**YOUR OBJECTIVE**
Only the line with "2025 Ford Explorer" and the lines after it, to the end of the data, should appear in the answer, each reproduced exactly.
START MATERIALS PROVIDED
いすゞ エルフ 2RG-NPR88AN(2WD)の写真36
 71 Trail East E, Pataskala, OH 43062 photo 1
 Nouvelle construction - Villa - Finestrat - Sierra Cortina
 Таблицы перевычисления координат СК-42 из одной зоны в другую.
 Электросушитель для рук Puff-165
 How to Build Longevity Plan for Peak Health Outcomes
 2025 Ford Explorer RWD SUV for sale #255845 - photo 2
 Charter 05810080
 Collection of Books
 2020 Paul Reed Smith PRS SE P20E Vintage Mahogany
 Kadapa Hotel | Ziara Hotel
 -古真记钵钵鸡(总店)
END MATERIALS PROVIDED
**EXERCISE SOLUTION**
 2025 Ford Explorer RWD SUV for sale #255845 - photo 2
 Charter 05810080
 Collection of Books
 2020 Paul Reed Smith PRS SE P20E Vintage Mahogany
 Kadapa Hotel | Ziara Hotel
 -古真记钵钵鸡(总店)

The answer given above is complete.